Party leaders say the policy has not only boosted India’s standing in the international community but also gives a certain amount of leverage in foreign-policy matters.

Central to New Delhi’s nuclear doctrine — drawn up by the Vajpayee government after a series of nuclear tests in 1998 and followed by the successive UPA governments — is that India will not be the first to use nuclear weapons nor will it use them against a non-nuclear country.

But with its manifesto promising to study, revise and update the nuclear doctrine to make it relevant to “challenges of current times”, reports emerged that if voted to power, the BJP would revisit the policy.

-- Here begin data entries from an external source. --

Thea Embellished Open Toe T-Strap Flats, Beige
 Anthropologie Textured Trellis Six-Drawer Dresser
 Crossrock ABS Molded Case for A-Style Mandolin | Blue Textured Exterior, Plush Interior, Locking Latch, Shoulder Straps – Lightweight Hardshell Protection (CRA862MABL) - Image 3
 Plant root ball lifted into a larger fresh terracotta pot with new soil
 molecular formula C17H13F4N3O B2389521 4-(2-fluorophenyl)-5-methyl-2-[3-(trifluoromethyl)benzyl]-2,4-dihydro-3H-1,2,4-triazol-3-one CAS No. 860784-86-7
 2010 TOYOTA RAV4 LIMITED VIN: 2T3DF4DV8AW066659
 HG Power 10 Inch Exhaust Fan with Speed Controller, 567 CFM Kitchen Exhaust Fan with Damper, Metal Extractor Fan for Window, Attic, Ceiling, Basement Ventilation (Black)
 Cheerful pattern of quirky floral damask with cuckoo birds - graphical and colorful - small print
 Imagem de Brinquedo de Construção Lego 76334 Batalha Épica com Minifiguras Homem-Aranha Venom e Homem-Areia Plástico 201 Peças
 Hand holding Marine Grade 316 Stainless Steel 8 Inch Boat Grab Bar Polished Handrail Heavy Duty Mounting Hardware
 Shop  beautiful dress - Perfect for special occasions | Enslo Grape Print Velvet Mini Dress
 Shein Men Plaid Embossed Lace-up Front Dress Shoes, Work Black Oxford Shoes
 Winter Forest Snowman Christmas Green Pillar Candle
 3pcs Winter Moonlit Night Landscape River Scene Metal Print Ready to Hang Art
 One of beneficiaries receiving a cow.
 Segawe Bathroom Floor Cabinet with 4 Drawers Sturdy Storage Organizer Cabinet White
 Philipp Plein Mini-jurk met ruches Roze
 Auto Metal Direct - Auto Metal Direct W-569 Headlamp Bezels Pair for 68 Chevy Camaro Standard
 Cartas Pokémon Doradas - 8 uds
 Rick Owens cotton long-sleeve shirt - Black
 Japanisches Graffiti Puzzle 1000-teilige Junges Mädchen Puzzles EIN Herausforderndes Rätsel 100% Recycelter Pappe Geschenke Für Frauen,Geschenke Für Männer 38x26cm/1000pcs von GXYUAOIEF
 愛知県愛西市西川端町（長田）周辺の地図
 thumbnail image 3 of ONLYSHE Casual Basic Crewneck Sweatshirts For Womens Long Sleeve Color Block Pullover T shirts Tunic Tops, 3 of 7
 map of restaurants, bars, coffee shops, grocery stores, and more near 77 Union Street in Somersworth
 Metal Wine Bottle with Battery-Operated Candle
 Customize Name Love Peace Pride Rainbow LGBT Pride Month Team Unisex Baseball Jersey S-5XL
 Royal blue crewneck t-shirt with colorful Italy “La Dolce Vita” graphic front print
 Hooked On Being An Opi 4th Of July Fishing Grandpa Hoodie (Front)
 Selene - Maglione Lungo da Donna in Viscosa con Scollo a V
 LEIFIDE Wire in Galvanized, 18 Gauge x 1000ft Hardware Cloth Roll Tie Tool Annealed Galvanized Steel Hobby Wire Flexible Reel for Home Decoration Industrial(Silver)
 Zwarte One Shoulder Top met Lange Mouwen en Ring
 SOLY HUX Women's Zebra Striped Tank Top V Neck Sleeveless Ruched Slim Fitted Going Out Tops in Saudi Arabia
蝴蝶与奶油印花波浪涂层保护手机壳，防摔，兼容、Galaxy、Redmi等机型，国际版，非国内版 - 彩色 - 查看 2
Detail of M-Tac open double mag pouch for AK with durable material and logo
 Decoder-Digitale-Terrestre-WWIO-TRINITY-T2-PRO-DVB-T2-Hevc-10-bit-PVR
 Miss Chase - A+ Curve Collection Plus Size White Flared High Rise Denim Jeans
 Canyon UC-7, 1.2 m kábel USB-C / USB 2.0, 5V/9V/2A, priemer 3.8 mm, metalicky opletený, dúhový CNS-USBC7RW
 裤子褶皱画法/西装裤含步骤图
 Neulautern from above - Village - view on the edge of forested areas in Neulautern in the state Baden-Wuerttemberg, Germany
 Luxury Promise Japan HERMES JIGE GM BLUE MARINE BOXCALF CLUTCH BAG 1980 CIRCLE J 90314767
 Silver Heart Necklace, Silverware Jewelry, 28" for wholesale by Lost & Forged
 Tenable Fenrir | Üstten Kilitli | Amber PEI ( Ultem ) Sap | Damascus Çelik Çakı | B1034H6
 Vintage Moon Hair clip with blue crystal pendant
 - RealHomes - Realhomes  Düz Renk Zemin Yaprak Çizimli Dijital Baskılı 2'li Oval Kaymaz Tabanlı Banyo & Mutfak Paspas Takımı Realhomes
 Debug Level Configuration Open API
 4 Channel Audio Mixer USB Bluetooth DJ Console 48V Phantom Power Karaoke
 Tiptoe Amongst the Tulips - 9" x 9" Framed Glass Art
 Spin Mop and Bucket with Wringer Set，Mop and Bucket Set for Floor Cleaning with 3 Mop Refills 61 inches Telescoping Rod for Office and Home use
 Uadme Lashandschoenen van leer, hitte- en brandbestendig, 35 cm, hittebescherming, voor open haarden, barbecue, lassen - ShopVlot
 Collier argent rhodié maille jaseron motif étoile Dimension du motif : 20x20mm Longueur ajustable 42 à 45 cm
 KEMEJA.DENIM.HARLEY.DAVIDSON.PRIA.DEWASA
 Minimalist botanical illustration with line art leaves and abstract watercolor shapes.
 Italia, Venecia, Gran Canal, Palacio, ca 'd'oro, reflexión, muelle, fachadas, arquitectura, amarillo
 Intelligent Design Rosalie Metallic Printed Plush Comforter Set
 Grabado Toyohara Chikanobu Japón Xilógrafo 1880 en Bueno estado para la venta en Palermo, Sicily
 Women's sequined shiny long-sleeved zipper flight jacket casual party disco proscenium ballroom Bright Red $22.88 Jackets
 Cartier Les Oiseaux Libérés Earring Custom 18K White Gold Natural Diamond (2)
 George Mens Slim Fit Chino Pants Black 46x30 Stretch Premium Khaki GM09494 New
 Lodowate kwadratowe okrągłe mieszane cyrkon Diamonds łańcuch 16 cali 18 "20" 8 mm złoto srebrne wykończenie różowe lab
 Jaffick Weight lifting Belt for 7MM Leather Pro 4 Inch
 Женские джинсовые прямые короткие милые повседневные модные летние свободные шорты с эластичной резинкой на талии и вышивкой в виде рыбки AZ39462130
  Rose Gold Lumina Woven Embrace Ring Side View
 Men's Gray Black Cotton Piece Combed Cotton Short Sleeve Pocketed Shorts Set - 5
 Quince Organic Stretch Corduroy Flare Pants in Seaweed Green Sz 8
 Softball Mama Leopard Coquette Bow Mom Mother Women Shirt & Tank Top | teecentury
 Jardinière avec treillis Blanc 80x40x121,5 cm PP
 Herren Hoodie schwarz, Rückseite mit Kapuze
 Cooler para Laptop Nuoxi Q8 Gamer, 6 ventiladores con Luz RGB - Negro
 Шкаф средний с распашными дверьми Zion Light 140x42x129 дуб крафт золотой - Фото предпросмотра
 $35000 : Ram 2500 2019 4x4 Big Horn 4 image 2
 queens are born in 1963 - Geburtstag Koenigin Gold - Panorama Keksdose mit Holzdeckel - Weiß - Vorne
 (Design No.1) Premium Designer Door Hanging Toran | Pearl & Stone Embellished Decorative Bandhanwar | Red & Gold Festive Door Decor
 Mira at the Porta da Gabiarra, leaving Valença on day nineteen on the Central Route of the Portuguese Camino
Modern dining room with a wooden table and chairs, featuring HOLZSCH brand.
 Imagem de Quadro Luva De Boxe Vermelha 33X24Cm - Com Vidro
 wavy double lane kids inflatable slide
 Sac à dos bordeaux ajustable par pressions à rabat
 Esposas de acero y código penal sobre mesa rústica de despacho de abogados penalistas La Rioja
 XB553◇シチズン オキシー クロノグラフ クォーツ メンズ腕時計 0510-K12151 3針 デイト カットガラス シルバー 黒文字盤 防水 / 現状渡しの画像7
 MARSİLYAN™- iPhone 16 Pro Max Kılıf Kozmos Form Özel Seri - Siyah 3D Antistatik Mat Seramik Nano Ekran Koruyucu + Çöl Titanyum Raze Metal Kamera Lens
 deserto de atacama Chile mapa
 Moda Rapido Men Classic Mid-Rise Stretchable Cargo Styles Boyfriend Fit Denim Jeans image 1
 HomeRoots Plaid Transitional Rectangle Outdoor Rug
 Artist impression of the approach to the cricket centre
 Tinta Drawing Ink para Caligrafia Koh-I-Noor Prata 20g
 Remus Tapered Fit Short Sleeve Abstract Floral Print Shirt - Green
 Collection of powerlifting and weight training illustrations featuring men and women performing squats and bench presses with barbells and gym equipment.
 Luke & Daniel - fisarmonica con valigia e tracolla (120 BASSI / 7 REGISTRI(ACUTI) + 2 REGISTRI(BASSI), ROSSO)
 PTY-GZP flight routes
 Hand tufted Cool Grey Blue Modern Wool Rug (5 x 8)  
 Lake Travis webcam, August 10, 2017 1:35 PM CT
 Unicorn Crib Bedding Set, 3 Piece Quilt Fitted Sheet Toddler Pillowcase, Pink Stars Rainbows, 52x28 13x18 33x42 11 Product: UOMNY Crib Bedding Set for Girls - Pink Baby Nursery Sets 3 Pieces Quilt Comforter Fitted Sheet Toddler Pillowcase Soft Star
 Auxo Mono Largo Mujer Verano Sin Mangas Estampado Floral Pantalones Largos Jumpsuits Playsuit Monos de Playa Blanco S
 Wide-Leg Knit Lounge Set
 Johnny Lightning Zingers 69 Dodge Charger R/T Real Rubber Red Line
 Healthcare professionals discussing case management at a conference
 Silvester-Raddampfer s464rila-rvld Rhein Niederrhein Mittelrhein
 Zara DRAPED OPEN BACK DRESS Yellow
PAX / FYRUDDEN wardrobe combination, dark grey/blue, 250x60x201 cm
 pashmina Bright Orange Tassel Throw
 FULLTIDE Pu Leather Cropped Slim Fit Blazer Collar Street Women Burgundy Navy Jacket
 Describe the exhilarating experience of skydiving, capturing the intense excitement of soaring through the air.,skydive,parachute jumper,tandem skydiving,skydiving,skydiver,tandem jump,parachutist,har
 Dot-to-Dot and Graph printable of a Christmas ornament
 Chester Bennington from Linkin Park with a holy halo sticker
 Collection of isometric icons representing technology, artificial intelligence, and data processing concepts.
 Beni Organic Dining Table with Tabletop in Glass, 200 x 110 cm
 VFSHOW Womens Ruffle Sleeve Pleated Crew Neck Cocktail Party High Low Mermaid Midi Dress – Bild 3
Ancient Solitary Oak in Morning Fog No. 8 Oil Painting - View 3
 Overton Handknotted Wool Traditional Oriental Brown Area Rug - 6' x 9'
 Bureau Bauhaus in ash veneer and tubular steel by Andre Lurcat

Singh, however, told HT that the party was committed to strengthening the external and internal security mechanism to deal with “challenges”.

He indicated that the BJP-led National Democratic Alliance could revisit anti-terror laws but was non-committal on reviving a

Pota-type law.

The BJP’s stance on laws such as the controversial Prevention of Terrorism Act, 2002, or Pota, was much more nuanced than it had been a decade earlier. “We will see to it that any law, if required, is not seen as targeting a particular community or group,” Singh said.

Pota was largely criticised for its alleged misuse against Muslim youth in terror cases and tribals in fight against Left extremism. The UPA repealed the Pota in 2004, calling it a draconian legislation.